At the beginning of 2023, at the initiative of Ukrsibbank, we passed an independent audit of IT security of our own infrastructure.
The history of our cooperation with Ukrsibbank 17 years. Since 2006, VERNA has participated in the opening of 700 bank branches and credit points.
For more than 6 years VERNA has been supporting the IT infrastructure of Ukrsibbank branches. In addition to supporting IT infrastructure, we implement SCS and Wi-fi for the bank, supply equipment and necessary software.
The task of the audit company was to assess the risks that may affect Ukrsibbank's production and other business processes, violate commercial or banking secrets or cause financial and reputational losses. The auditors checked compliance with the requirements of the international standard NIST 800-53R5.
The audit included an audit of VERNA's internal IT infrastructure, an audit of the organization of protection and system configuration, an audit of the VERNA personnel involved in the IT infrastructure support project, to achieve security objectives and risks to the bank's assets.
VERNA's information security policy is to strictly comply with the rules for the exchange, storage and reproduction of information that is known to our employees, partners and contractors, in the course of fulfilling their obligations under the concluded contracts.
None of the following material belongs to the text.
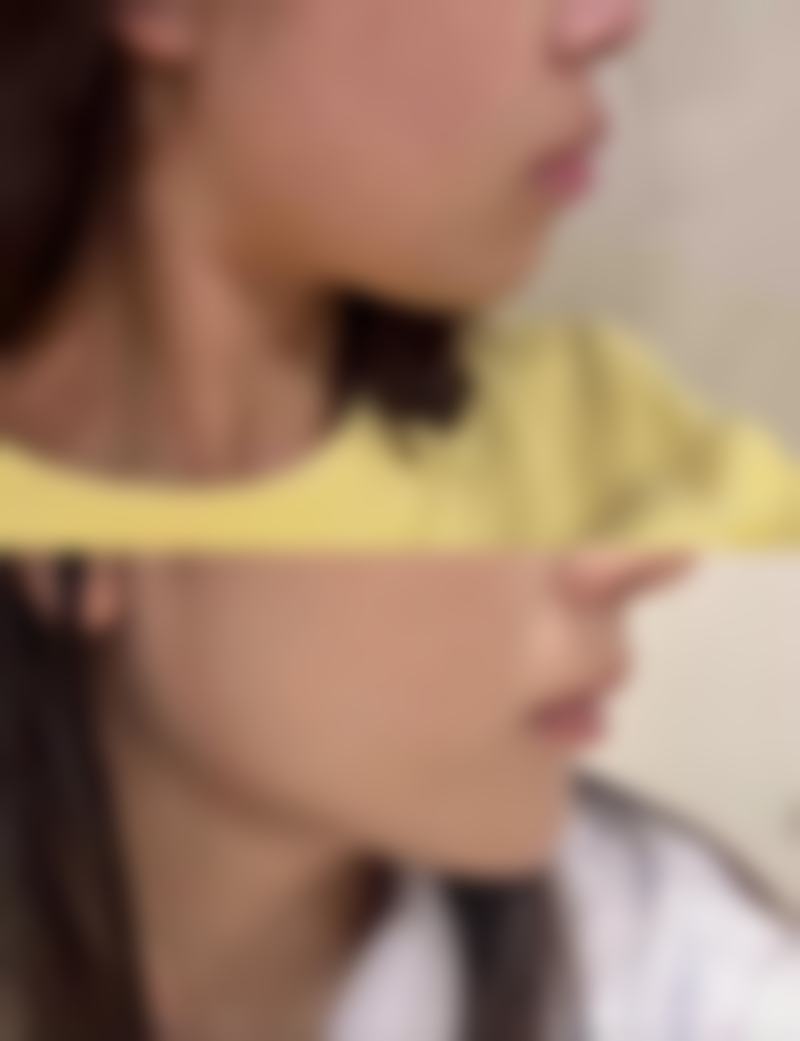 激光治疗：精细效率高的疤痕修复手段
The basis of the secure storage of information is the clear branching and authentication of users, based on compliance with their assigned tasks, their official duties, competence and level of tolerance. We constantly analyze the risks that arise when working with data and take measures to reduce their negative impact. There are clearly defined formats for storing information.
The audit company checked the internal documents describing the company's IT infrastructure, network equipment and access, the procedure for organizing an operational replacement.
The entire VERNA IT infrastructure is built on the principle of server hardware virtualization and is physically located in the Data Center. Availability, reliability and failure resistance of the Data Center infrastructure is maintained at 99.9% by reserving input channels by multiple ISPs with automatic switching to available channels and two independent Category 1 power inputs from two different substations. In addition, uninterruptible power supplies and diesel generator sets are used to prevent emergencies in the Data Center.
VERNA applies group policy management through Active Directory. We use group policies to provide customization of the user work environment, deploy software, install OS updates. With the help of ActiveDirectory, we establish security rules, we carry out access control and restrict unreliable contacts.
The auditors checked the conditions for protecting important information and ensuring smooth operation, using antivirus programs, controlling software versions and installing additional user software.
UKRSIBBANK JSC— one of the largest Ukrainian banks, the main shareholder of which is the world leader of the financial services market, the largest international financial group BNP Paribas.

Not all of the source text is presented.